Whilst a number of restructurings are high profile and attract public attention, there are some situations where disclosure of a company's financial difficulties could erode confidence and irretrievably damage value and the prospects of survival. The London Approach enables such work-outs to be executed without publicity and its associated drawbacks.
The broad principles and features are as follows:
1. The London Approach is a non-statutory voluntary arrangement for financial institutions to respond to news that a group faces financial difficulty.
2. All financial institutions are encouraged to work together towards a common objective of rescuing companies in difficulties.
3. It is not a set of rules and its strength lies in its flexibility at the detail level and the promotion of commerciality and fairness in arriving at equitable and fair treatment for all classes of lenders.
4. The Bank of England's role has been to advocate a spirit of constructive international cooperation and, when asked, to act as an independent mediator concerning any fundamental inter-lender disagreement. There is no formal arbitration process. It encourages all lenders to adopt a reasonable and supportive attitude towards companies experiencing financial difficulty to which they have been willing lenders in the first place.
5. The basic concept is a moratorium or 'standstill' outside a statutory process whereby lenders agree (for a period) not to take any individual action nor to improve their positions relative to each other in terms of repayment or by way of security. This allows time to gather information, assess viability and evaluate options, with a view to implementing an agreed strategy and, if appropriate, restructuring. Loss-sharing arrangements will be included in the standstill documentation
6. Financial institutions remain supportive on learning of customer's problems which critically gives time to enable well-founded decisions to be reached on a company's longer term future, but subject to satisfaction that there is a reasonable chance of a better solution than insolvency and which prima facie does not carry excessive risk of deterioration during the standstill.
7. A detailed independent accountants' review is frequently commissioned inter alia to establish viability and options going forward and appropriate monitoring arrangements put in place.

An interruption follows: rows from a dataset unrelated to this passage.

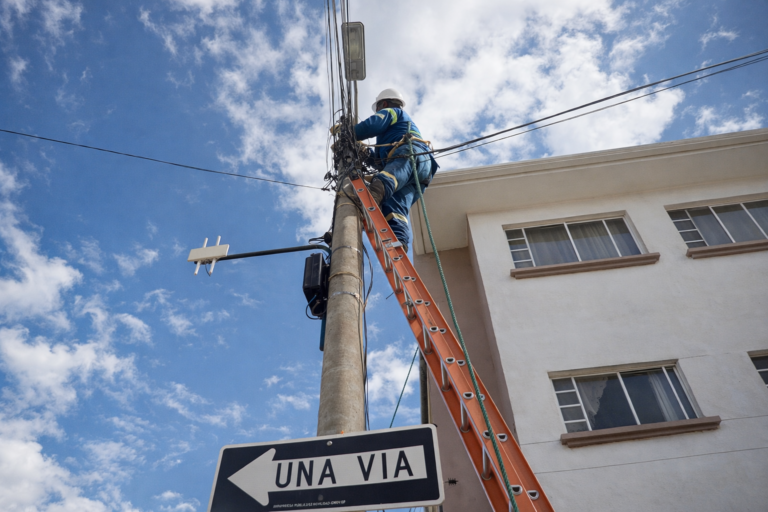 Mantenimiento de alumbrado público en varios sectores de Cuenca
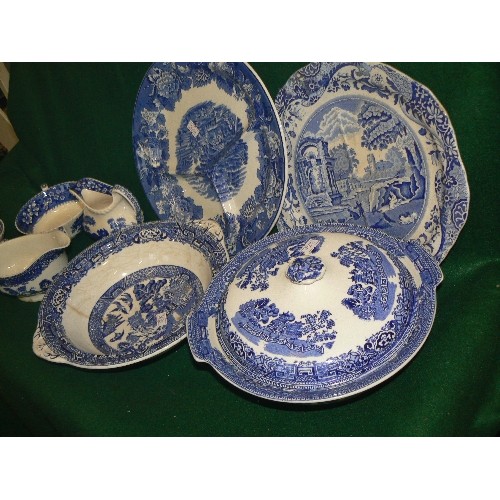 193 - A LARGE BOX OF BLUE AND WHITE CHINA TO INCLUDE SPODE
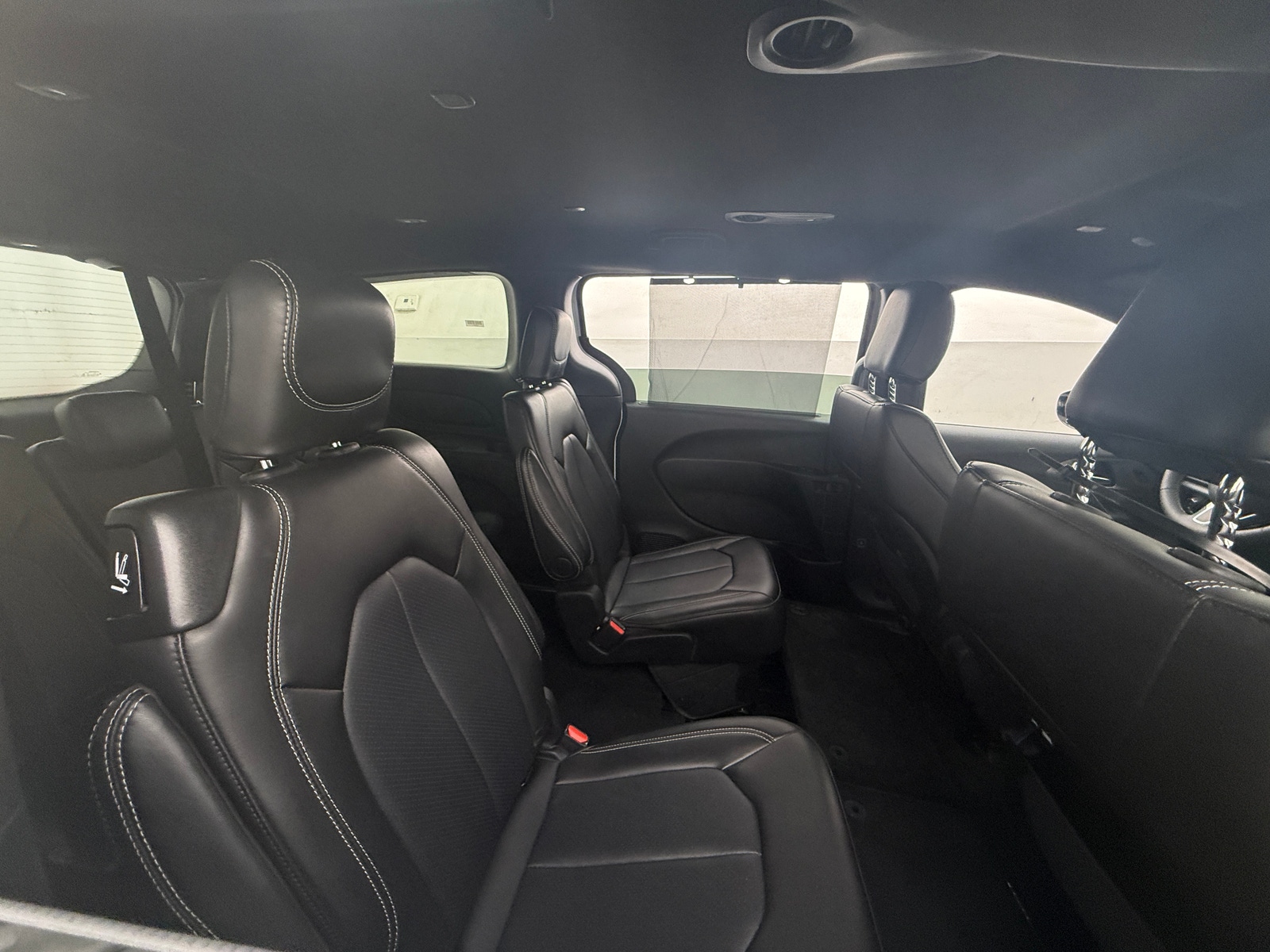 Thumbnail: 2025 Chrysler Pacifica - 5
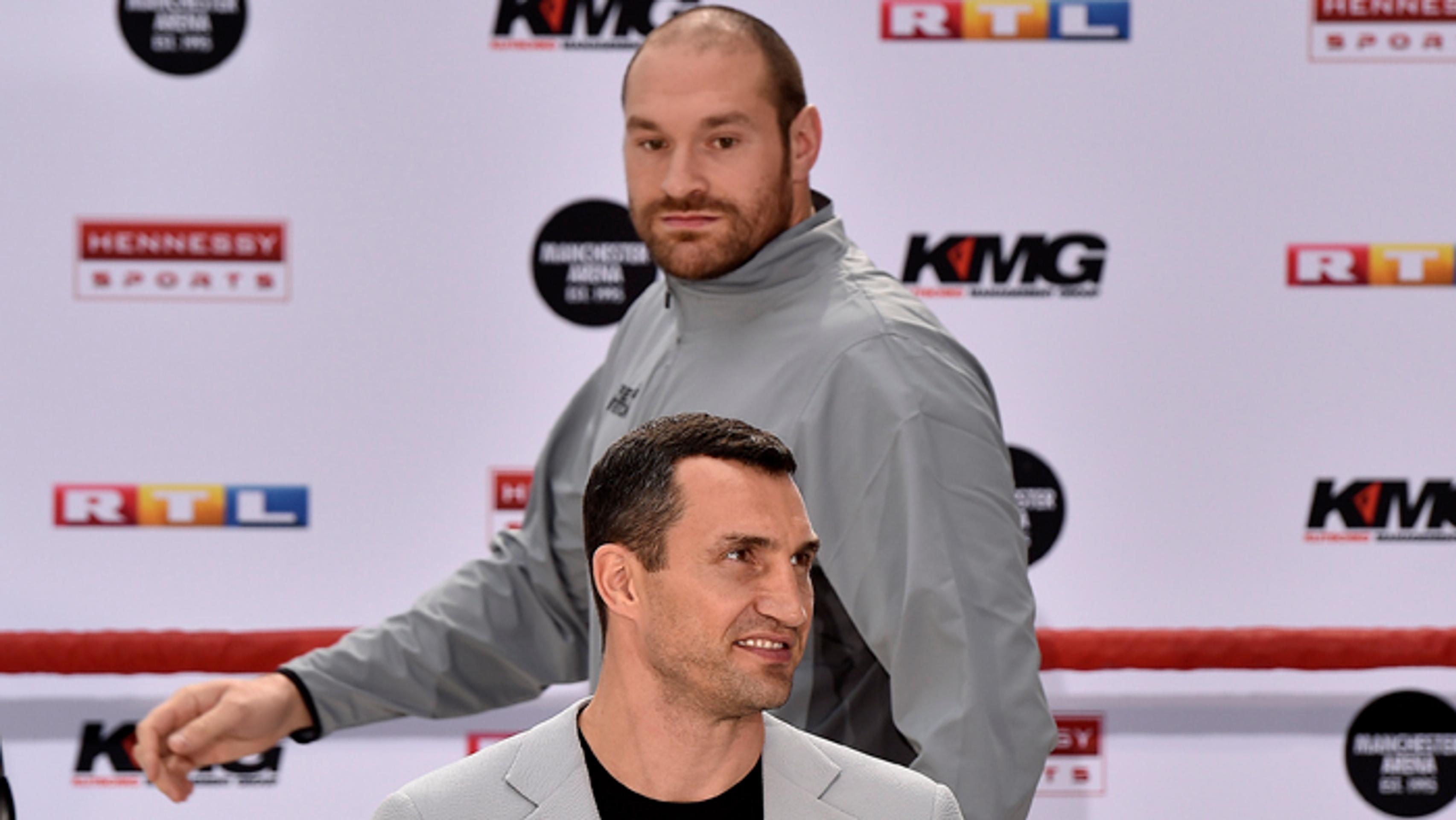 Tyson Fury a Vladimír Kličko na archívnej snímke.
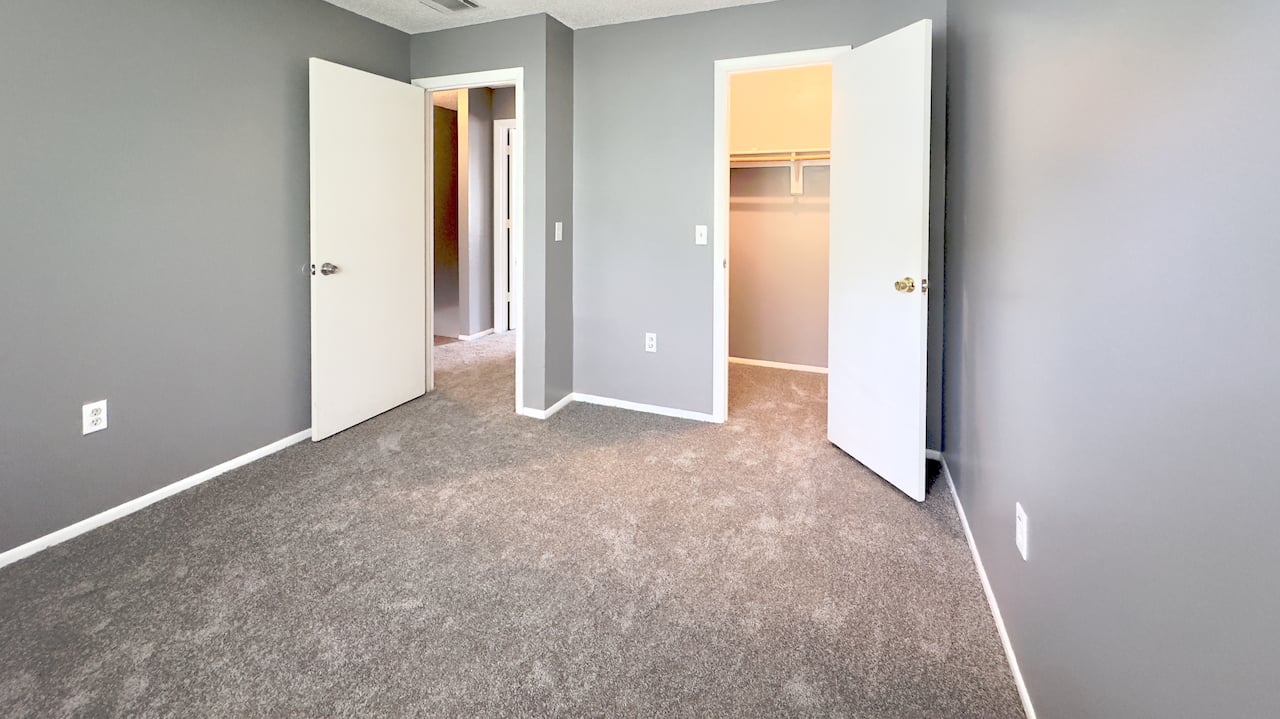 Lake Baldwin Area Townhouse with Private Garden Patio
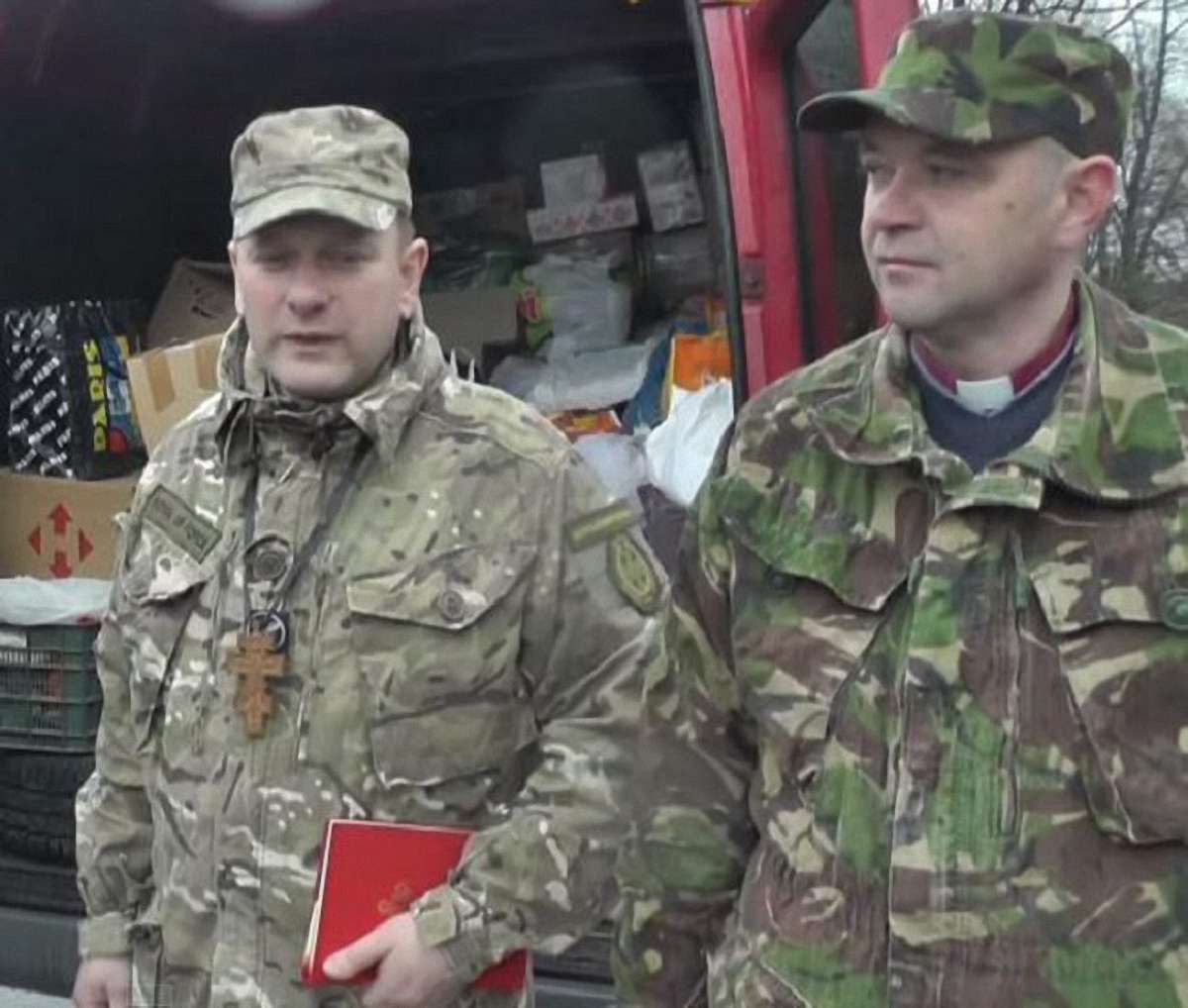 Душпастирі із Золочева допомагатимуть бійцям на передовій приготуватися до Великодня
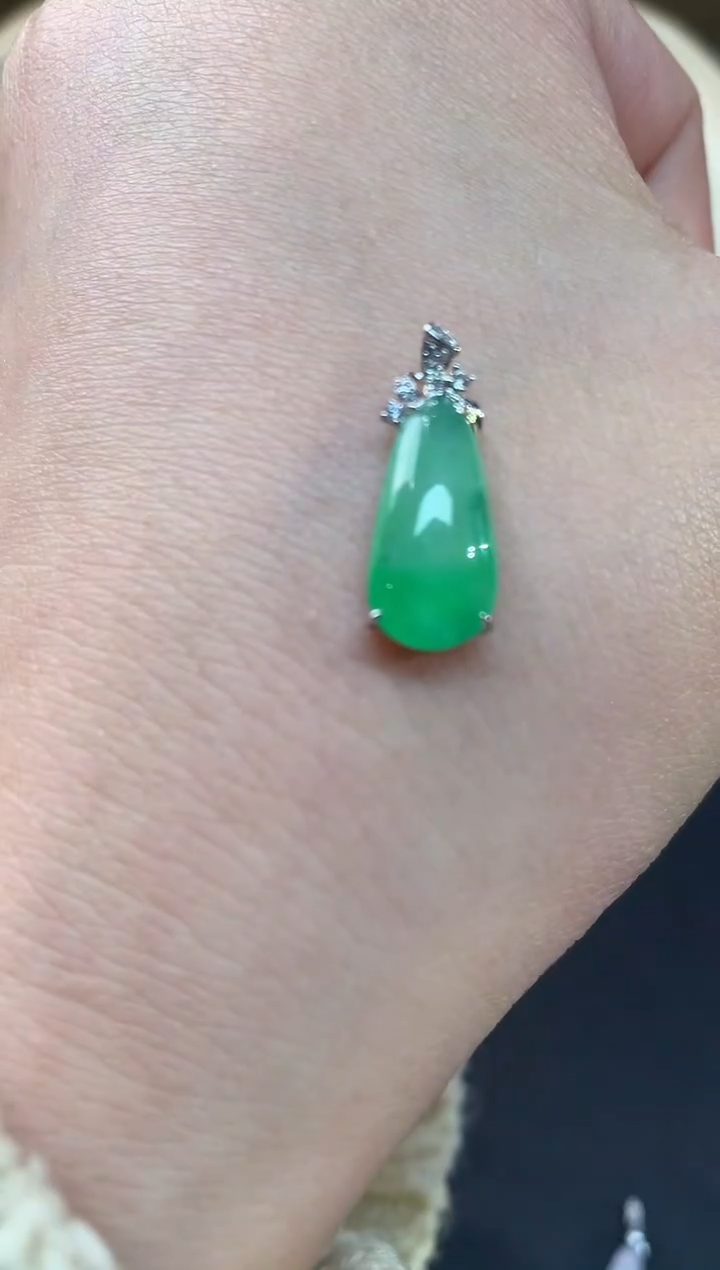 【闪购商品】翡翠吊坠(不含链)18K金镶嵌福瓜A126|3500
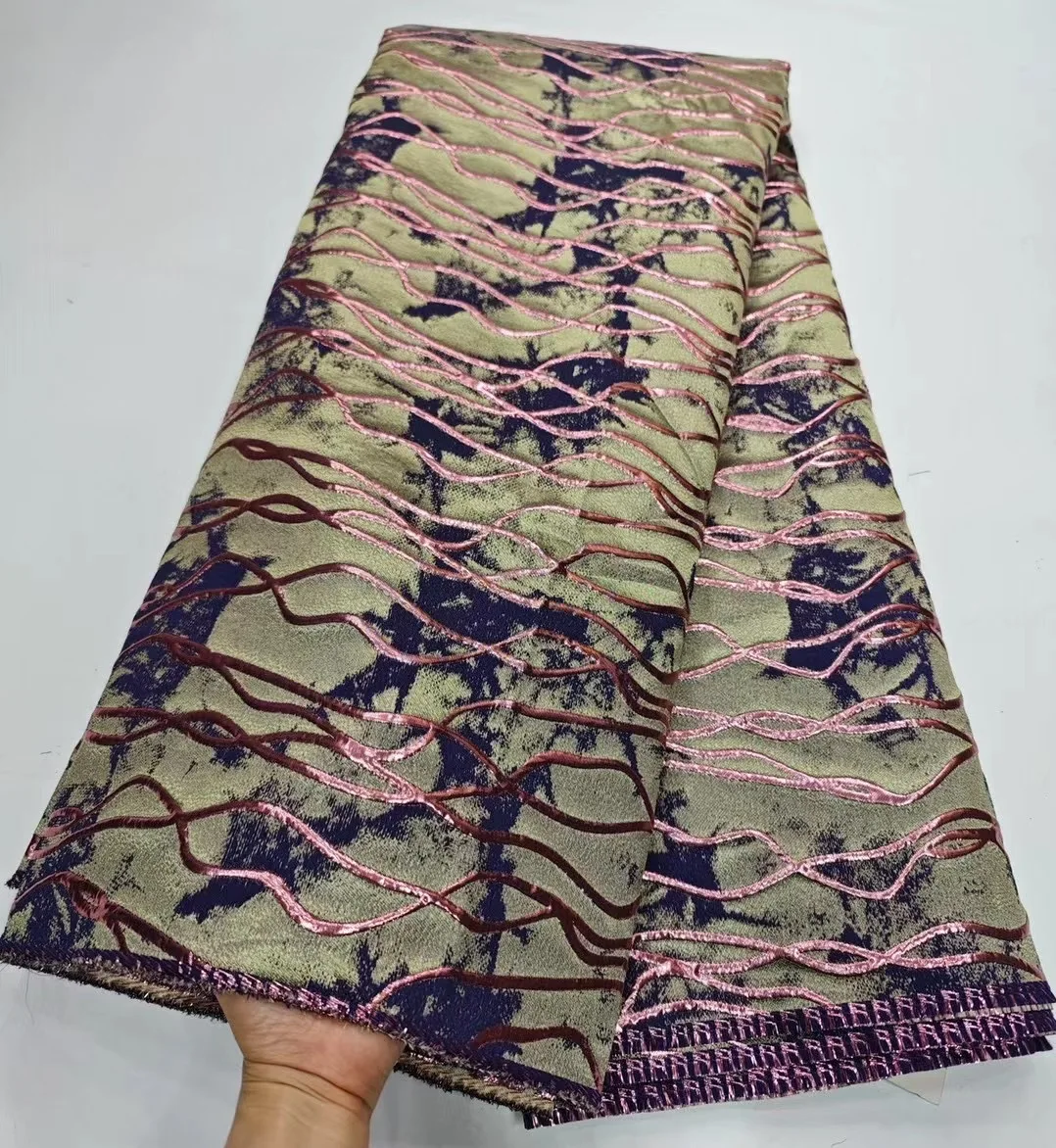 Luxury African Jacquard Lace Fabric 2024 New Nigerian Brocade Lace Fabric for Wedding Evening Prom Women Dresses NH5871
Luxury African Jacquard Lace Fabric 2024 New Nigerian Brocade Lace Fabric for Wedding Evening Prom Women Dresses NH5871
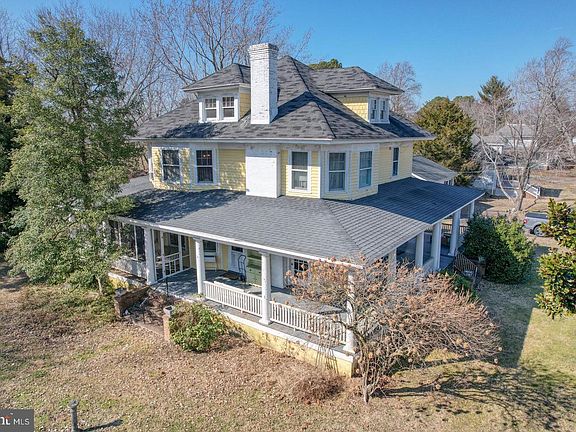 2nd image of 4096 Main St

8. Decisions are then made in the light of an appropriate information base.
9. Any requirement for additional liquidity can be met in a number of different ways:-
- jointly by the group's lenders pro rata to their standstill exposure;
- priority/security arrangements for specific lenders;
- release of asset disposal proceeds subject to entity priority/ring fence considerations.
10. A lead bank (Coordinator) is formally appointed by the group of lenders and endorsed by the company although in practice the coordinator already will have been in discussion with the company leading up to a standstill. Subsequently depending on the size of the lending group, a representative facilitating committee may be elected.
The coordinator will organise inter-creditor issues and lead negotiations with the company towards a refinancing/restructuring and distribute information to all lenders in a timely manner on the same basis. All involved need to guard against breaching insider trader rules or risking creating a disorderly market for a quoted borrower.
11. It is a cardinal principle that:
a. each lender is entitled to exercise its own commercial judgement, but,
b. each lender is expected to be realistic and pragmatic and recognise the impact of its decision on others. No lender should try to obtain terms for itself that are inequitable to other lenders but be sympathetic to the overall objectives of supporting the company.
A number of established practices and procedures have been adopted over many years of multibank work-outs and these practices will continue to evolve in response to changing market conditions, financing structures and instruments. There are no firm rules but further information on areas of detail can be sought from the BBA if required.